▶ **Available records**:
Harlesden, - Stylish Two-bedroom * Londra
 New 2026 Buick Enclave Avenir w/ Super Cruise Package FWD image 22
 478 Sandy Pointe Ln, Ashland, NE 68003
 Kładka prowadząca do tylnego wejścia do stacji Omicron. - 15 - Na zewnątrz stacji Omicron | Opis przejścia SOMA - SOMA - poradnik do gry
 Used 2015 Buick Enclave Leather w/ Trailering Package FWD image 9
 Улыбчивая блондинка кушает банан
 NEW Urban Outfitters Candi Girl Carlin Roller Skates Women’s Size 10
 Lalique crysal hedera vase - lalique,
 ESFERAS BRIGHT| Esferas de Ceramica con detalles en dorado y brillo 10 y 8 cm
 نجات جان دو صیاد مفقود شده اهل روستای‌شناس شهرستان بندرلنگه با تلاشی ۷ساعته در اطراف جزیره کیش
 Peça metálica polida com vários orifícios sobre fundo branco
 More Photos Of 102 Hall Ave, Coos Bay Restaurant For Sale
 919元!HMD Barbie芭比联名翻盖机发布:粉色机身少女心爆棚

▶ **Activity**: For this task, write out exactly the lines of the entries above, starting at the line with "New 2026 Buick" and ending at the line with "Улыбчивая блондинка кушает банан", both included, and no others.

▶ **Answer section**:
 New 2026 Buick Enclave Avenir w/ Super Cruise Package FWD image 22
 478 Sandy Pointe Ln, Ashland, NE 68003
 Kładka prowadząca do tylnego wejścia do stacji Omicron. - 15 - Na zewnątrz stacji Omicron | Opis przejścia SOMA - SOMA - poradnik do gry
 Used 2015 Buick Enclave Leather w/ Trailering Package FWD image 9
 Улыбчивая блондинка кушает банан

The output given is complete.